* WHAT YOU NEED TO DO
Each line starting at the one that contains "Merax Sofa Ecksofa" and ending at the one that contains "Chicken Cage Silver" must be returned exactly, and the rest of the listing is left out.

* TASK MATERIAL
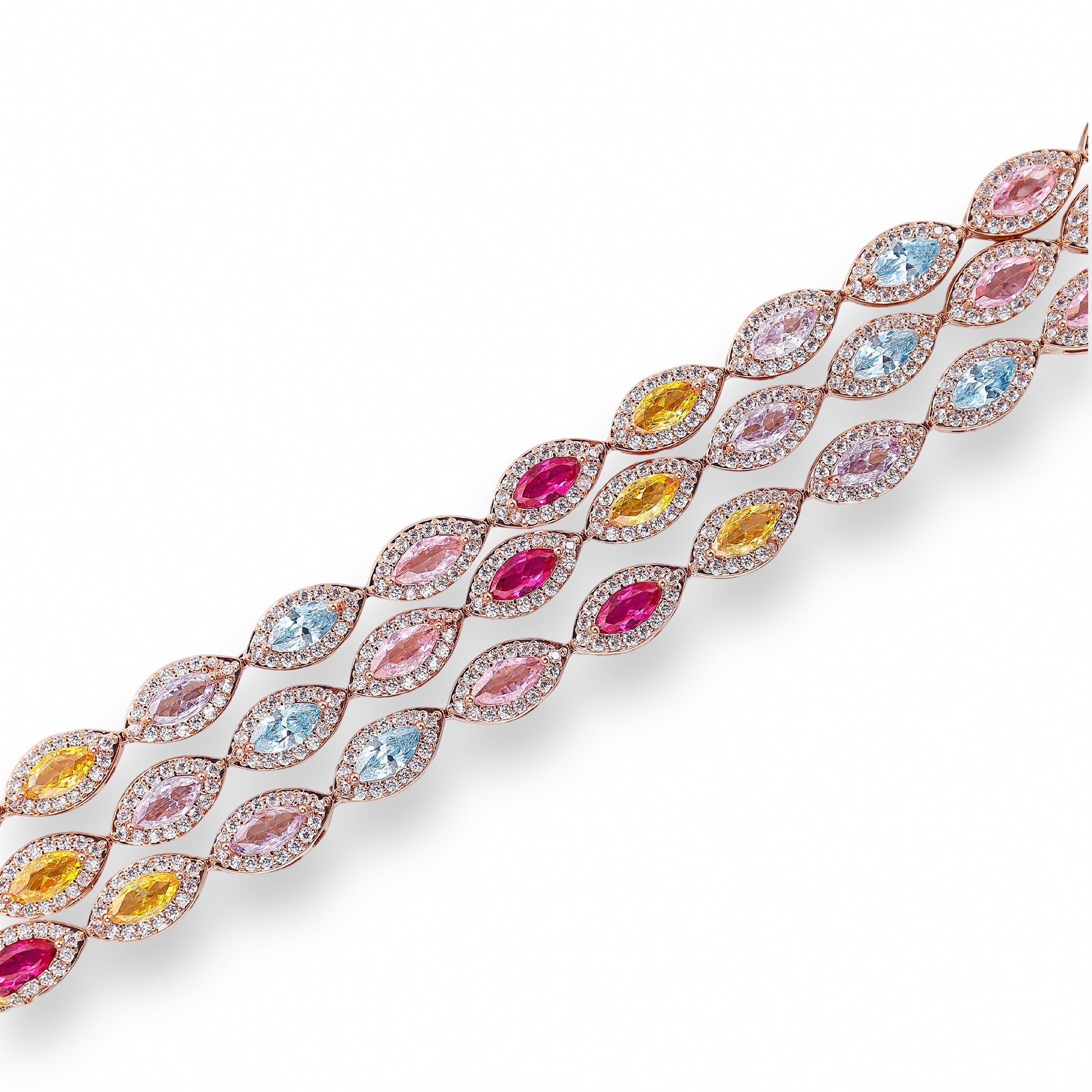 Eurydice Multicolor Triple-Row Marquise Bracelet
--
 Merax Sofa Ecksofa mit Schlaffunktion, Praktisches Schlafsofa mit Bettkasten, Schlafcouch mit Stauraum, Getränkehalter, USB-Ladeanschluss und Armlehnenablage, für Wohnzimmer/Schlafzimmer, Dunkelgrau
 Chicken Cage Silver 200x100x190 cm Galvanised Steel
==
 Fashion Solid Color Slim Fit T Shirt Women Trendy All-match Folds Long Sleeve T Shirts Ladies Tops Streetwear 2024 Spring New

* COMPLETED EXERCISE
 Merax Sofa Ecksofa mit Schlaffunktion, Praktisches Schlafsofa mit Bettkasten, Schlafcouch mit Stauraum, Getränkehalter, USB-Ladeanschluss und Armlehnenablage, für Wohnzimmer/Schlafzimmer, Dunkelgrau
 Chicken Cage Silver 200x100x190 cm Galvanised Steel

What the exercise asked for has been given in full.